Hundreds enjoy family building at Eastside summit

KAPA‘A — Hundreds of people strolled through the gates of the 10th annual Eastside Family Summit Saturday at the courtyard of the Kapa‘a High School.

“This is the 10th event for Kapa‘a,” said Bridget Arume, the event coordinator for the summit. “Since we started the events, we’ve had 18 summits, but only the Kapa‘a event continues.”

Daniel Hamada, the Kapa‘a High School principal, was the principal on the Westside when the summits started, Arume said. Today, he’s at Kapa‘a High School, where he says the family summit is an important part of building community.

The family summit with a theme of “Families — The Building Blocks of Life,” is one of the most unique and fun community events which takes place on the island, traditionally on the first Saturday in February, according to the Kaua‘i Schools website.

The summit, a collaborative effort between community agencies and groups, has been developed with virtually no funding from the government or any single organization. Its sole focus is on strengthening families and is free to the public.

“Keiki have an opportunity to play, adults can have an opportunity to browse for information, and groups can showcase their offerings which help families and the community,” Arume said. “It’s just a good way for families to spend time together.”

Spearheaded by the East Kaua‘i Drug Prevention Education Team, the event gets help from the Rotary Club of Kapa‘a, which supplies the tents that house more than 60 family service information tables, interactive keiki activities, music and a food service area.

“The fact that an event of this size can take place with a totally volunteer staff is a tribute to the kind of people who live here on Kaua‘i,” Arume said in the release. “This is an old-school event which celebrates families and is geared toward ‘whole family’ fun.”

Jim Jung, representing the Kaua‘i Lifeguard Association, was enjoying his first family summit, doing double duty — distributing keiki water safety activity books as well representing the U.S. Coast Guard as a member of the Coast Guard Auxiliary.

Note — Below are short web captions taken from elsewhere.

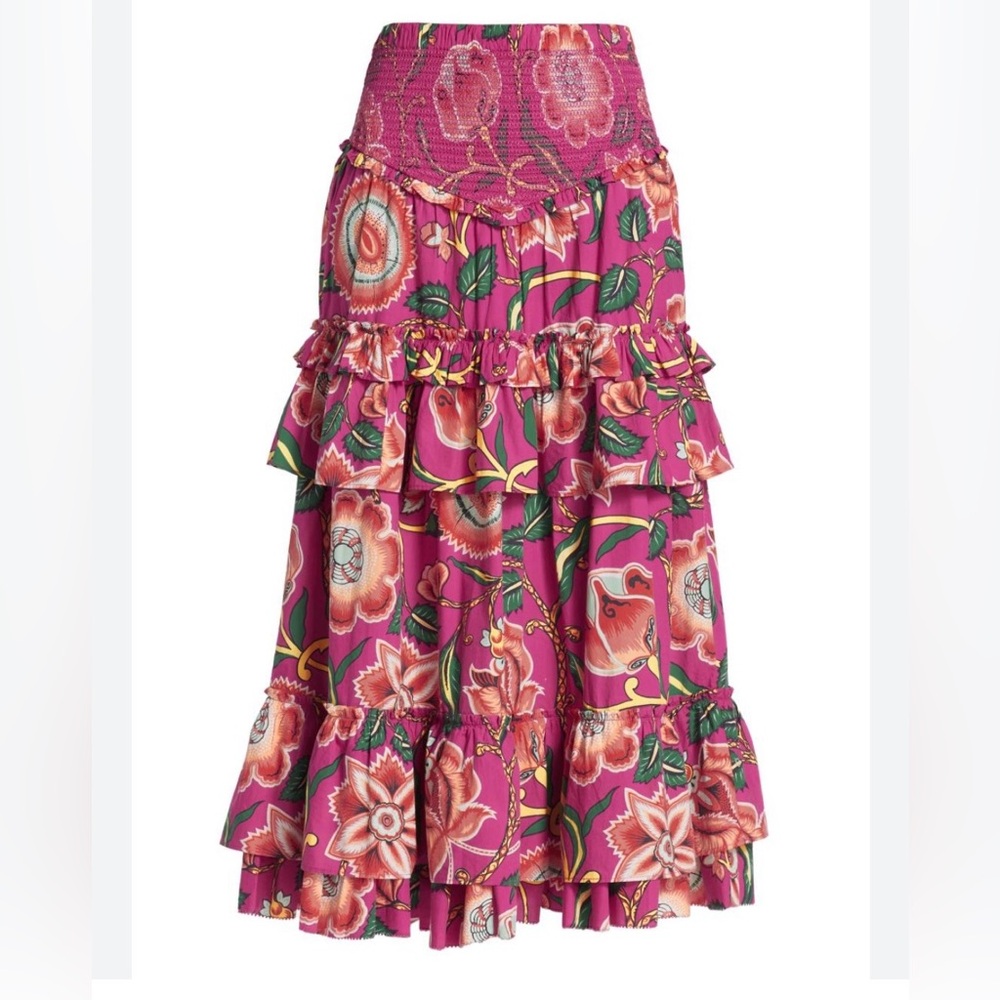 Love The Label Floral Pink Skirt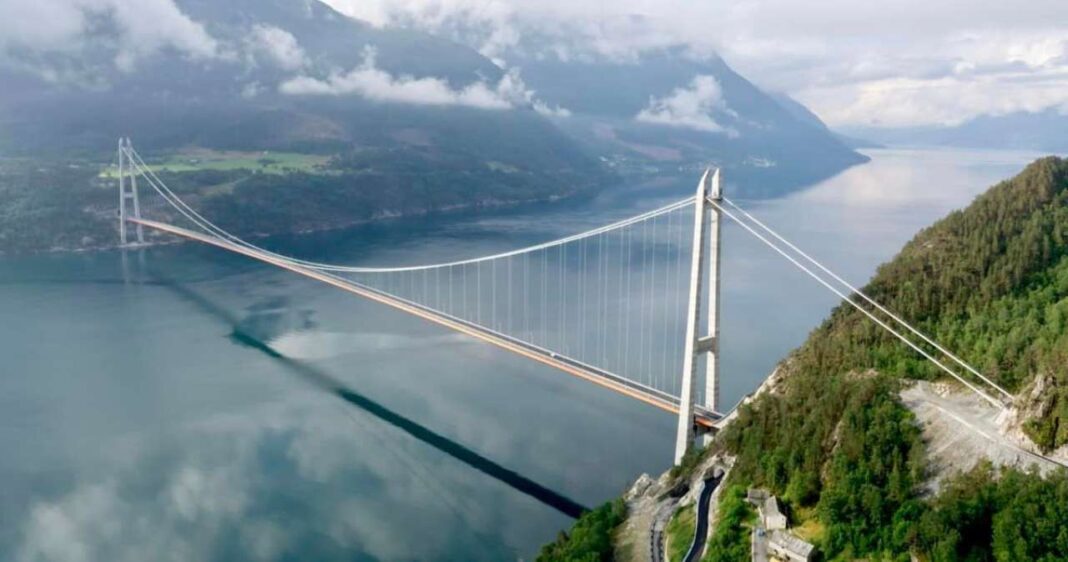 Ponte sullo stretto in grafica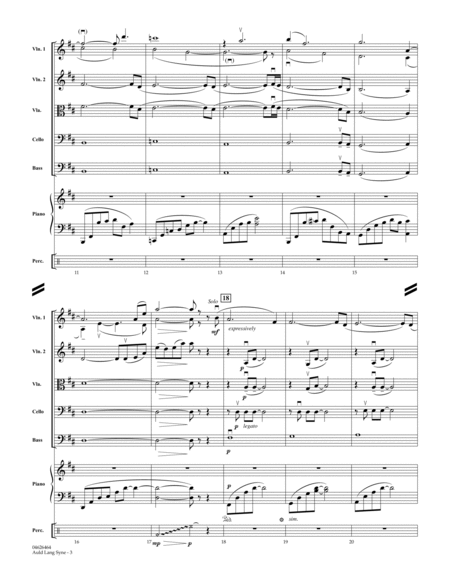 Auld Lang Syne - Full Score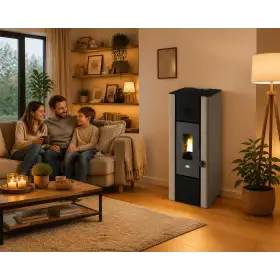 Minni – 6,3 kW weißer Pelletofen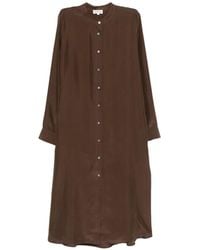 P.A.R.O.S.H. - Robe Mi-Longue À Boutonnière - Lyst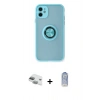 MARSİLYAN™- iPhone 11 Kılıf Yörünge Çizgi - Siyah Joko Magic 5D Cam + Pers Alüminyum Kamera Lens - YL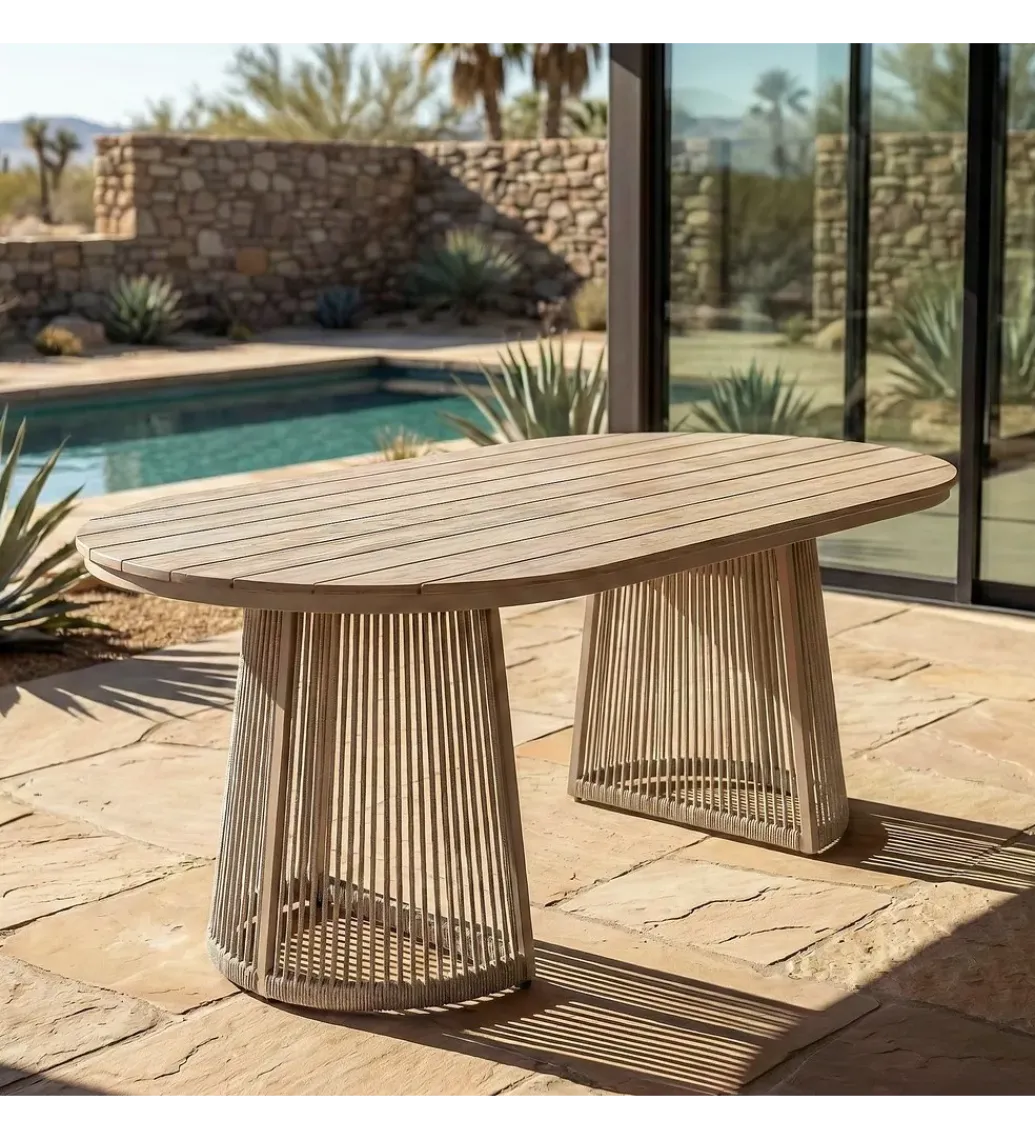 Stół OROTENA 180 cm naturalny biały*Zona-Design Best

He was joined by the Kaua‘i Police Department, offering not only the popular Keiki ID program, but information on substance abuse as well as tours of its equipment.

The Kaua‘i Fire Department had their new “Sparky” trailer on hand, where family summit attendees could experience a shortened version of the school presentations.

“Over the years, we’ve added new things, kept the things which work, and build,” Arume said. “Next year, it’ll probably be better, and families can come because things change in families.”